On Aug. 27, the City Council will take public comment on upwards of $2 million of non-voted bonds that are categorized by administration and select council supporters as “general fund replacement for city prefunding of various capital projects.” Because of the crisis, this bond money will actually be used to fund operations and we will be living on credit. How did this happen?
During the past five years of higher tax revenues two things happened: First, all the money was spent. Over $25 million went to outside consultants and about $4 million for Winslow Tomorrow for planning – not construction, just planning. Second, the early signs of the economic downturn were missed or ignored by city administration. We don’t know which, but the crisis is incorrectly blamed totally on the downturn.
Missing those early signs, the city came up more than half a million dollars short last December, a fact it failed to mention until this June! We don’t know when the administration knew of it, but as late as December it was discouraging council efforts to make significant operating cuts in the 2008 budget. When added to the recently projected 2008 shortfall of about $4 million, this unrecognized shortfall has put the city in serious financial jeopardy. Reserve and interest-bearing accounts have been raided and the city is standing on the edge of the proverbial abyss.
Our city administration, without acknowledging any accountability, has chosen a different approach to the crisis than other cities. Expenses in the 2008 budget have not been cut, only set aside until the money comes in. When will there be more money? That’s where the new debt and wishful thinking come into play.
Citizen review of administration numbers reveal that on top of the $4 million shortfall in 2008, the projected revenues for 2009 will be less than those received in 2006! Couple the inflationary impact on salaries with the failure to make serious cuts in operations and the city could face an additional $4.25 million deficit in 2009. This should be the necessary and ideal time to reduce staffing to the levels recommended in the benchmarking study of several years ago, but those adjustments are in the same talking stage where they have been since the report was issued.
Apparently the cash crunch is so severe that administration can’t wait and is seeking what you might call a “payday loan”: Upwards of $2 million in councilmanic bonds, which do not require citizen approval, will drain nearly $200,000 a year out of the general fund budget for 20 years in principal and interest payments, further jeopardizing future capital spending. The Aug. 16 edition of the Review contained the list of proposed items the bond is to cover. Ask yourself if maintenance and repairs qualify? Where did the money go if those costs had been previously budgeted?

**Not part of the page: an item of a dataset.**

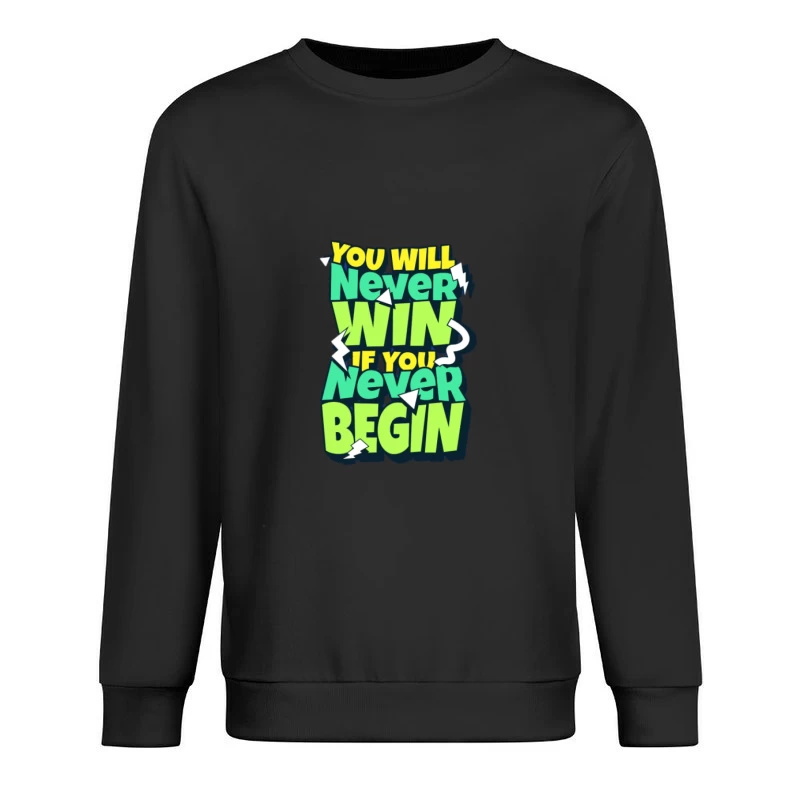Citation motivationnelle sur commencer et gagner Homme Sweat-shirt à enfiler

The riskiest aspect of this approach is that potential city liabilities are not included in the discussion as there is no plan. The city faces claims in the millions of dollars that can’t be settled, properly defended in the courts, or judgments paid without recourse to additional councilmanic debt. Apparently, these are not covered by insurance and there is no reserve from which to provide settlement costs. Councilmanic bonds may be the only recourse; however, given our precarious financial situation councilmanic bonds may not be an option. Would you vote for a new tax-supported bond under these circumstances? This potential outcome requires more than a finger in the dike. It requires rational financial leadership.
If you think this is as reckless as we do, come to the City Council next Wednesday and share your opinions. Since the struggle at City Hall seems to be over supremacy shrouded in secrecy, not fiscal accountability, it is imperative that the citizens step up to hold their elected officials accountable for making rational, legal, fiscal decisions. Without this input, elected officials will use long-term debt to fund operations and avoid the painful necessity of cutting expenses.
Tell your council representative that writing checks for city mismanagement is not acceptable. It is time to put a plug in the drain rather than a finger in the dike.
Bob Fortner is a member of the Bainbridge Resource Group. Several other members also contributed to this column.